“¿Habría preferido el silencio estático, el reposo absoluto?” se pregunta Tatiana, joven fotógrafa mexicana, frente a una nota encontrada en la red: en la actual Bielorrusia se ha hallado una fosa que contiene los restos de más de mil personas sepultadas vivas durante el Holocausto. La nota es real y viene referida en Samovar, la más reciente novela de Ethel Krauze, publicada este año por el sello Alfaguara.
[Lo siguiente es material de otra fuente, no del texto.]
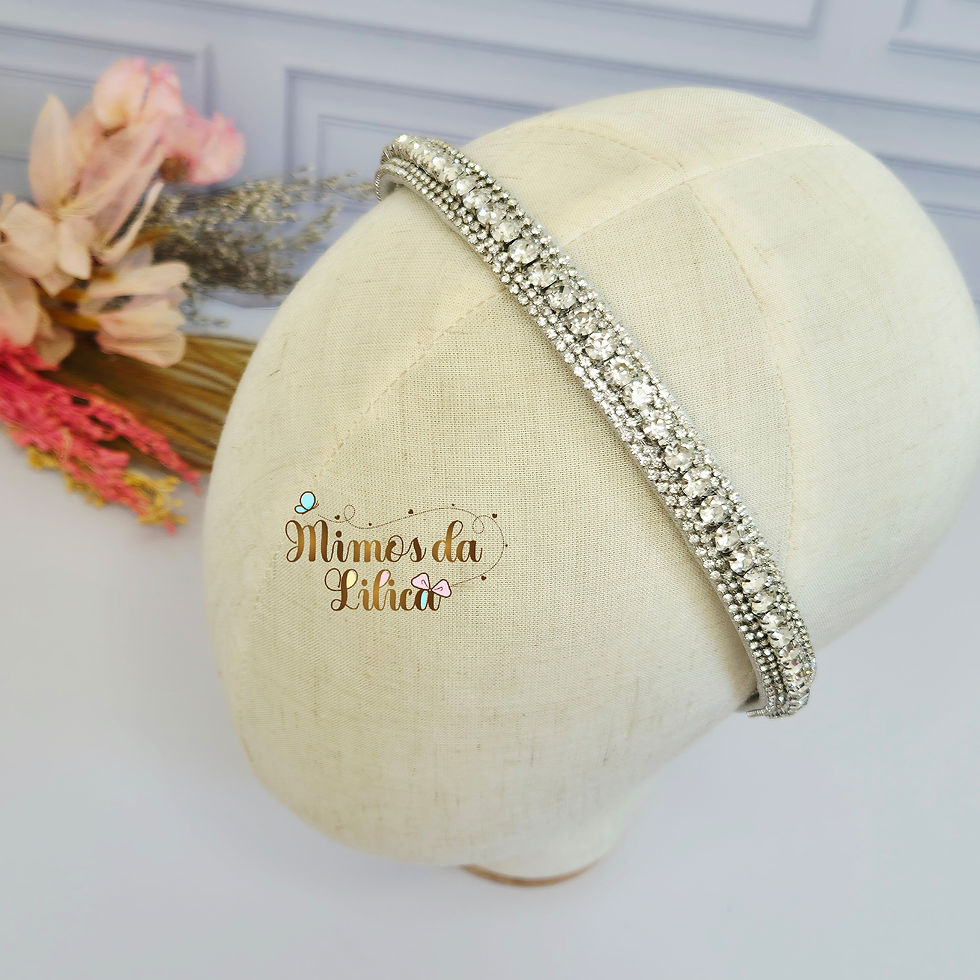 Thumbnail: Tiara De Luxo Com Strass Prata Valentina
Con 196 páginas organizadas en 16 capítulos, Samovar cuenta la historia de cuatro mujeres: la primera es la ya mencionada Tatiana, quien lleva la mayor parte del tiempo la voz narrativa. De ella sabemos que intenta retomar su vida tras un divorcio reciente, y que no está del todo segura de su vocación. Una tarde, tras un festejo, se compromete a comer con su abuela todos los miércoles, lo que desata una serie de conversaciones que le revelarán insospechados (y a veces dolorosos) episodios familiares. La situación se complica porque Tatiana ha elegido los miércoles para encontrarse con un amante a quien apoda “el criminal”, un hombre casado y con hijos, mayor que ella, a quien desea y aborrece por igual.
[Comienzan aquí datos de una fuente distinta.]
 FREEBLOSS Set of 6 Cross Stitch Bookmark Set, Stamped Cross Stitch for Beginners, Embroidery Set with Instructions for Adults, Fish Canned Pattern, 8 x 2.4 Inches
En las conversaciones de los miércoles escuchamos también la voz de su abuela Anna, una mujer nacida en Rusia que soñaba con ser matemática y que emprende un balance de su vida tras décadas de esfuerzos, de dos matrimonios y de haber pasado por Francia e Israel antes de establecerse en México. También está la tutta Lena, hermana mayor de Anna, con quien comparte casa y cuyas memorias ofrecen un contrapunto a los recuerdos de la abuela. Y está Modesta, la empleada doméstica que ha acompañado a la familia durante media vida y cuya presencia en la novela es fundamental, pues irrumpe en los diálogos para contrastar los recuerdos de aquella Europa lejana con las vivencias en su pueblo natal en Oaxaca. Así, por ejemplo, cuando la abuela habla con horror del Holocausto, Modesta evoca las turbulencias que trajo a su pueblo la lucha revolucionaria: “porque aquí también fue pura matazón, no te creas”.
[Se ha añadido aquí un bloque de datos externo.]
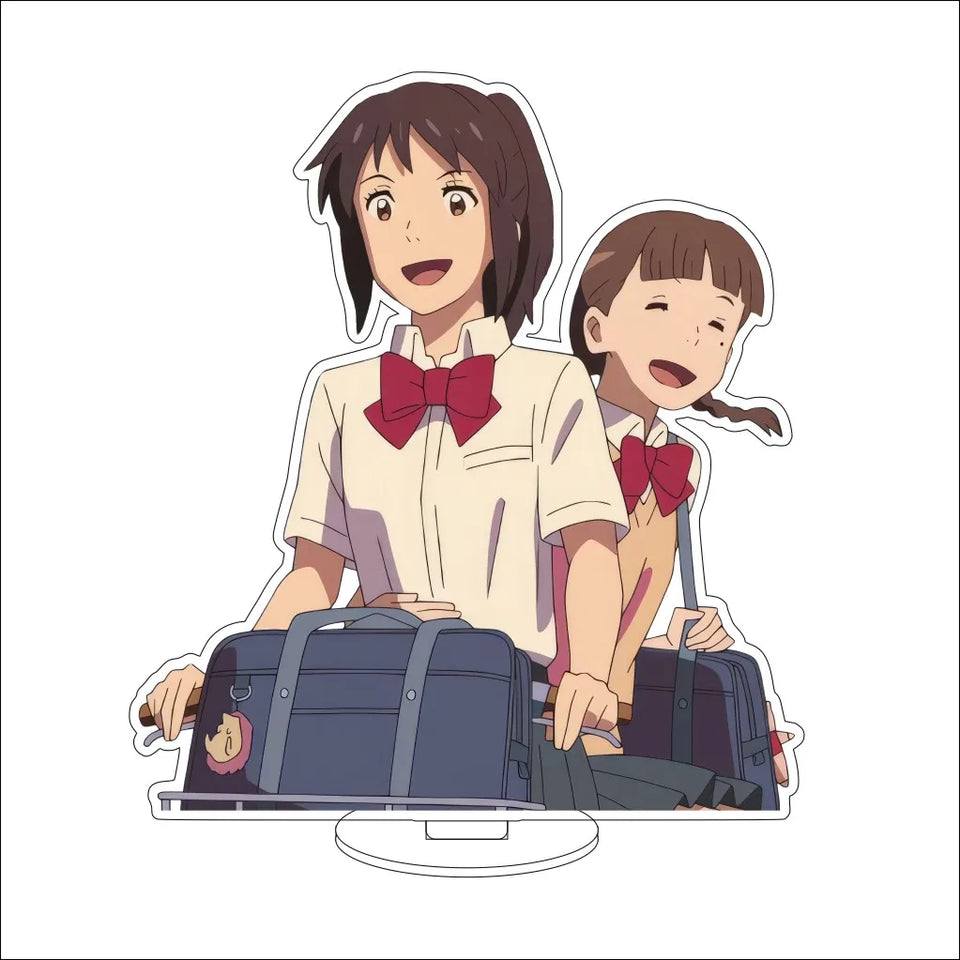 Your Name Anime Acrylic Standee Collection - Premium Taki & Mitsuha Timeline Variant Figures - Kimi no Na wa Kataware-doki Twilight Desk Decor - Romantic Manga Fan Gift Set for Bookshelf, Desk & Room Display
El título de la novela proviene de aquellas teteras rusas que forman parte de la cultura del té. De su vida en Rusia, la abuela conserva un samovar que, a pesar del óxido, se enciende y propicia los recuerdos de la misma manera en que lo hacen otros objetos como la antigua vajilla y su colección de muñecas. No obstante, pronto queda claro que ninguno de esos objetos será, para Tatiana, la herencia más preciada de la abuela. El legado mayor es el lenguaje. “Mi abuela Anna vivía en el idioma”, dice Tatiana en la página 61, al abrir un libro en idish, escrito con letras hebreas. Con la recuperación del idioma que ella creía perdido, arriba un mundo entero: si, como decía Sartre, nombrar una cosa es transformarla, aprender las palabras con que otros aluden al mundo es transformarse uno mismo y permitir que otros intervengan en la propia identidad.
Las conversaciones entre Tatiana y su abuela se convierten en lo que Enriqueta Ochoa llamaba asaltos a la memoria. Entre los temas que abordan están la relación con el propio cuerpo, la violencia intrafamiliar, la tolerancia, la trascendencia de estrechar lazos con la comunidad de origen.
Las situaciones en claroscuro planteadas por Ethel Krauze en esta novela propician una reflexión en torno a las categorías que utilizamos para sobrevivir el día a día: ni la bondad ni la maldad existen en estado químicamente puro. En muchos casos se trata, más exactamente, de dinámicas relacionales: ¿se puede hacer el mal a otros obrando bien?
Frente al lugar común que dicta que la Historia se preserva únicamente en libros y documentos, novelas como esta nos recuerdan la importancia de la conversación: fugaces como burbujas de oro, las conversaciones nos vinculan con el mundo. En suma, Samovar es una historia entrañable y profunda, atravesada por brillantes reflexiones en torno a las maneras en que se construye y se preserva la memoria colectiva.